This type of display typically comprises an array of pixels arranged in rows and columns. Each row of pixels shares a row conductor which connects to the gates of the thin film transistors of the pixels in the row. Each column of pixels shares a column conductor, to which pixel drive signals are provided. The signal on the row conductor determines whether the transistor is turned on or off, and when the transistor is turned on, by a high voltage pulse on the row conductor, a signal from the column conductor is allowed to pass on to an area of liquid crystal material, thereby altering the light transmission characteristics of the material. An additional storage capacitor may be provided as part of the pixel configuration to enable a voltage to be maintained on the liquid crystal material even after removal of the row electrode pulse. U.S. Pat. No. 5,130,829, whose contents are incorporated herein by reference, discloses in more detail the construction and driving of examples of such an active matrix display device.

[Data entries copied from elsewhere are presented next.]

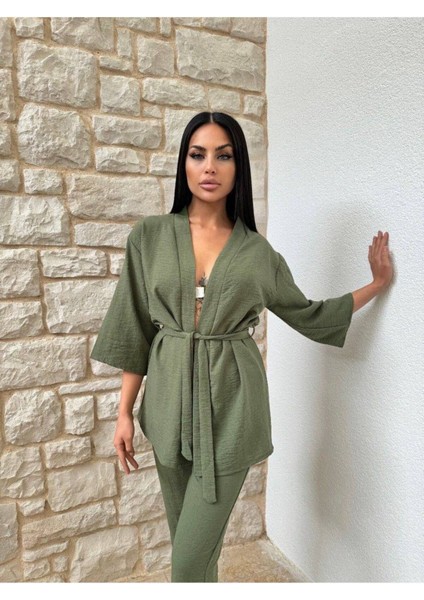 Kimono Bambu Keten Gömlekli Pantolunlu Takım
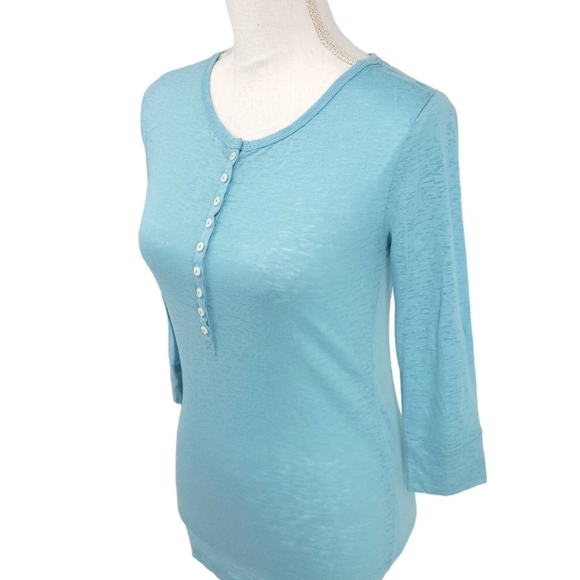 Victoria Secret Light Blue w/ Sparkle Henley Tee Size S - Picture 9 of 10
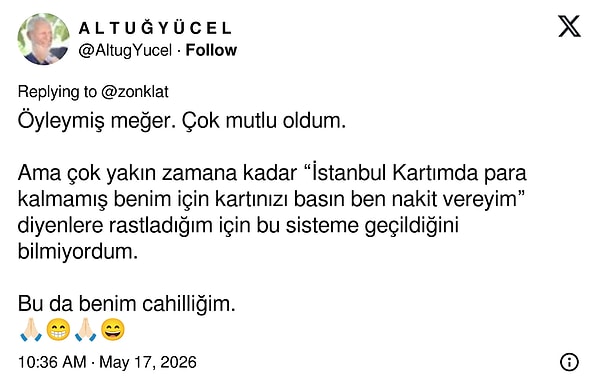 Kullanıcılar uygulamanın Türkiye'de de olduğunu hatırlatınca Altuğ Yücel, bilmediğini söyledi.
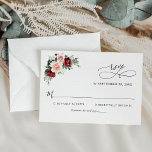 Minimal vattenfärg Burgundy  blommor Bröllop OSA Kort<br><div class="desc">Det här anpassadet är designat för att samordna med vår samling av romska blommor i bröllop,  med vattenfärgsburguner och  blommigtar med gröna löv och kalligrafi-skriptgrafik,  parad med ett klassserif & modern sans font in black. Matchande objekt är tillgängliga.</div>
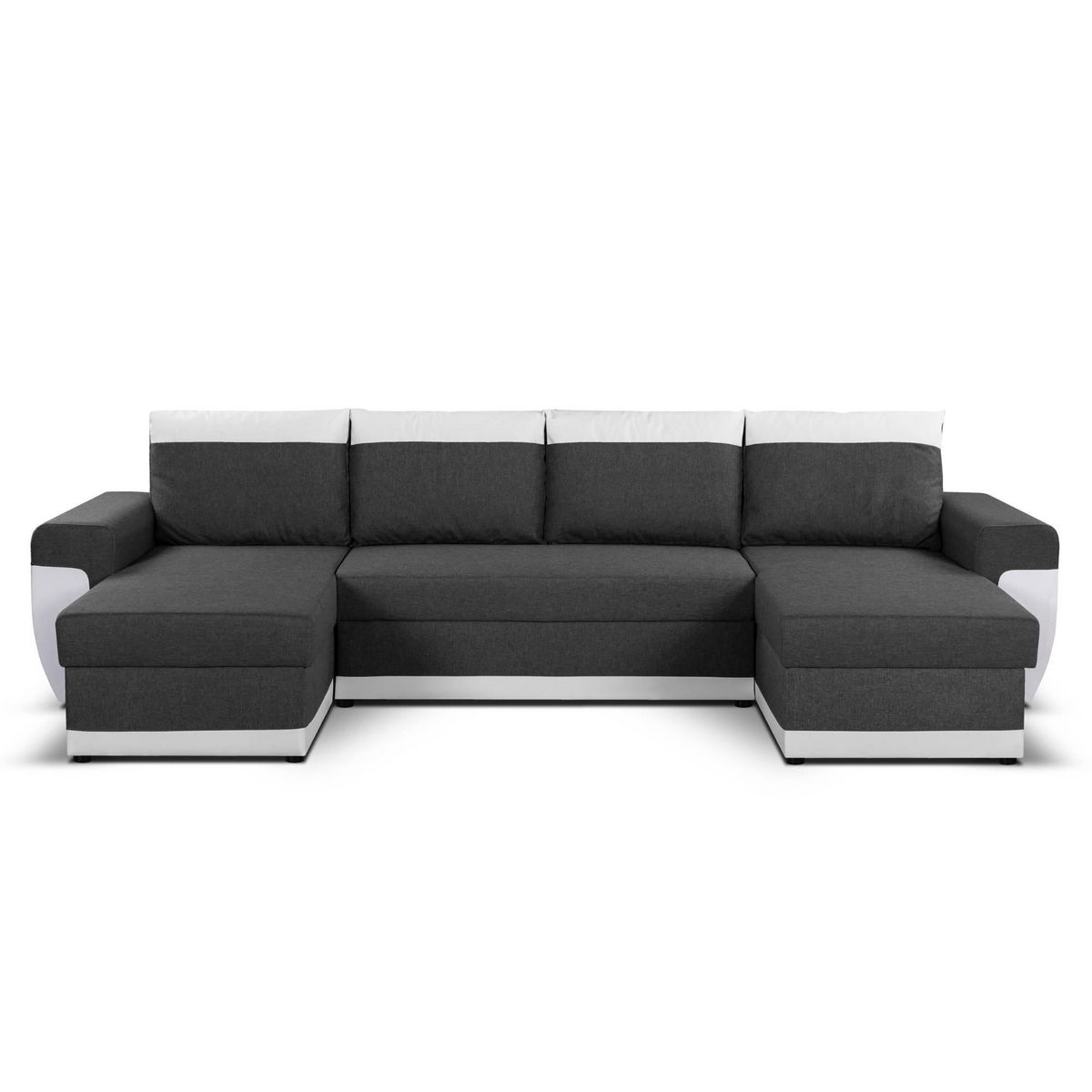 BEST MOBILIER Milan - canapé d'angle panoramique - convertible - 7 places - 2 coffres de rangement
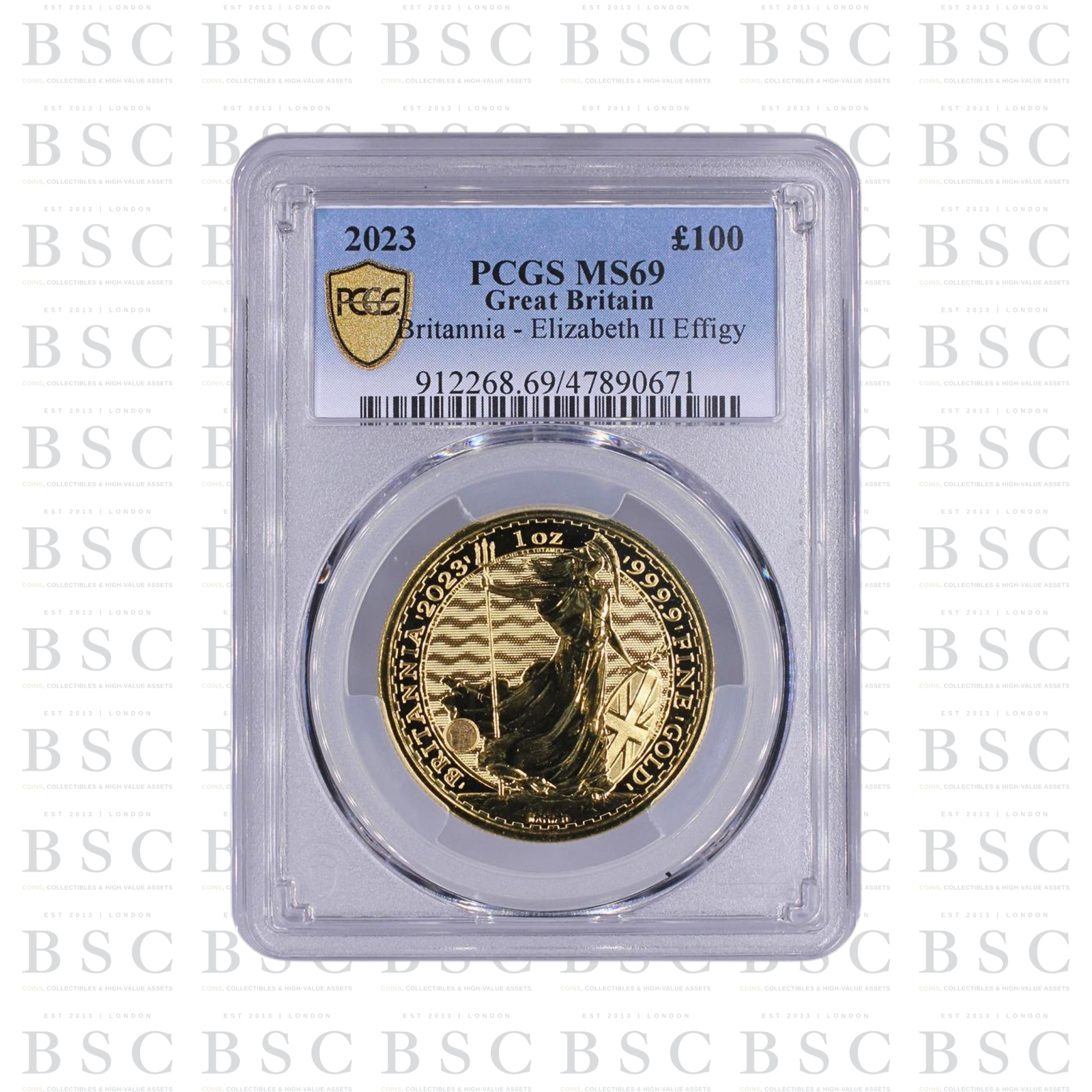 2023 1oz Britannia Effigy Gold Coin MS69 PCGS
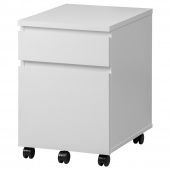 картинка МАЛЬМ Тумба с ящиками на колесах, белый, 42x59 см от магазина Wmart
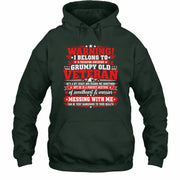 I Belong to a Freaking Awesome Grumpy Old Veteran Shirt – Gift for Veteran Wife, Military Spouse, T-Shirt, Long Sleeve, Sweatshirt & Hoodie - Hoodie - Forest Green - Front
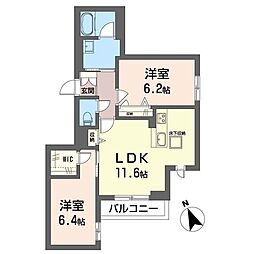 サーフグレイス 2LDKの間取図画像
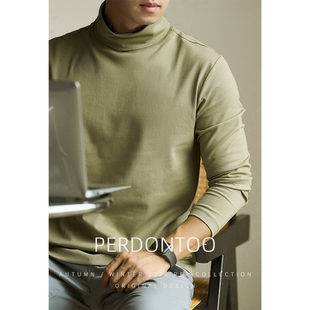 T恤保暖抗静电纯色内搭秋衣 长袖 丝光棉高领打底衫 男秋冬2025新款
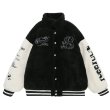 画像1: lovers  alphabet embroidery BASEBALL JACKET baseball uniform jacket blouson  ユニセックス 男女兼用アルファベット刺繍フリース スタジアムジャンパー スタジャン MA-1 ボンバー ジャケット ブルゾン (1)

The frame (field) period for active matrix display devices requires a row of pixels to be addressed in a short period of time, and this in turn imposes a requirement on the current driving capabilities of the transistor in order to charge or discharge the liquid crystal material to the desired voltage level. In order to meet these current requirements, the gate voltage supplied to the thin film transistor needs to fluctuate between values separated by approximately 30 volts. For example, the transistor may be turned off by applying a gate voltage of around −10 volts, or even lower, (with respect to the source) whereas a voltage of around 20 volts, or even higher, may be required to bias the transistor sufficiently to provide the required source-drain current to charge or discharge the liquid crystal material sufficiently rapidly.

The requirement for large voltage swings in the row conductors requires the row driver circuitry to be implemented using high voltage components.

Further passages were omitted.